Kimes: In South Korea, bat flips are an art

From Mina Kimes at ESPN.com on October 6, 2016:

The videos started to appear in America a few years ago, crossing the Pacific and landing on our digital doorsteps like mysterious gifts. Their contents were joyously unfamiliar: Korea Baseball Organization sluggers walloping balls and then flipping their bats with abandon, sending them spiraling through the air. Montages surfaced on a website called mykbo.net, gifs hit social media, and ecstatic headlines soon followed:

Korean Baseball Player Flips Bat Like a Champion

Now This Is a Righteous Bat Flip

This KBO Bat Flip Will Rock Your World, Free Your Soul

When I first saw the clips, I was astonished. What was this place, this parallel sports universe where baseball players could shatter the game’s unwritten rules? While American ballplayers from Mickey Mantle to David Ortiz have flipped their bats, the act is still perceived as a great offense here — an insult to the pitcher, the opposing team and all that’s sacred in America’s pastime. This tension came to a head last October, when Blue Jays outfielder Jose Bautista triumphantly flipped his bat after a magnificent home run during the American League Division Series, a viral gesture that was codified into memes, baseball cards and, most recently, a corn maze in Canada. Many fans were thrilled. But some current and former players, such as Cole Hamels, Mike Schmidt and Goose Gossage, were not. “Bautista is a f—ing disgrace to the game,” Gossage said.

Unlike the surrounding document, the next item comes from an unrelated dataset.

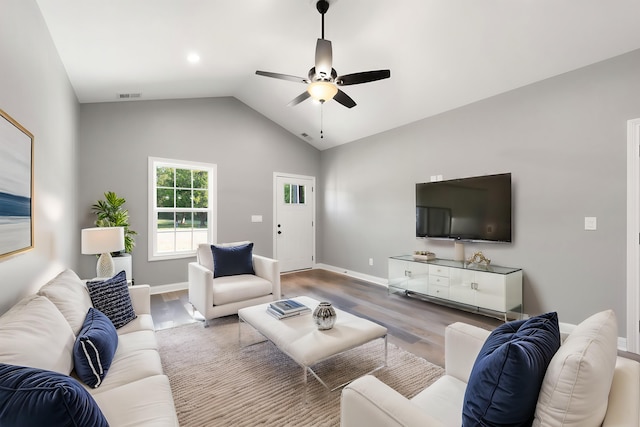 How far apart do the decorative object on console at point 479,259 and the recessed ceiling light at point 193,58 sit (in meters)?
4.21

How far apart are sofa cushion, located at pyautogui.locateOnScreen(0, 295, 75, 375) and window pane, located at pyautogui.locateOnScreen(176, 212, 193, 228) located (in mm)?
3430

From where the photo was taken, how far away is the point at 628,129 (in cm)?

As Major League Baseball struggles to overcome its staid image and lure younger fans — according to Nielsen, most of the sport’s TV viewers are over 50 — the simple bat flip has come to symbolize the culture war being waged within its ranks. It’s a conflict between those who believe the game should embrace the traditions of other countries and flashier elements of other sports, and those who, as Bautista wrote in The Players’ Tribune, are “old-school, my-way-or-the-highway type of people who never want the game to evolve.”

Meanwhile, in the Korea Baseball Organization, bat flips aren’t just permitted — they’re embraced. “A bat flip isn’t disrespectful here in Korea, which is a very formal, respectful country,” says Dan Kurtz, a Korean-American who started mykbo.net in 2002 as a message board for English-speaking fans. “A guy flips and the pitchers don’t do anything about it. It’s just part of the game.” Kurtz explains that bat flips, which are called ppa dun in Korea — a term that combines the words for “bat” and “throw” — are ubiquitous in the KBO. But he isn’t sure how that happened. “People ask me, ‘Why can’t we do this in Major League Baseball?'” he says. “I want to know: Where in Korea did it originate and why?”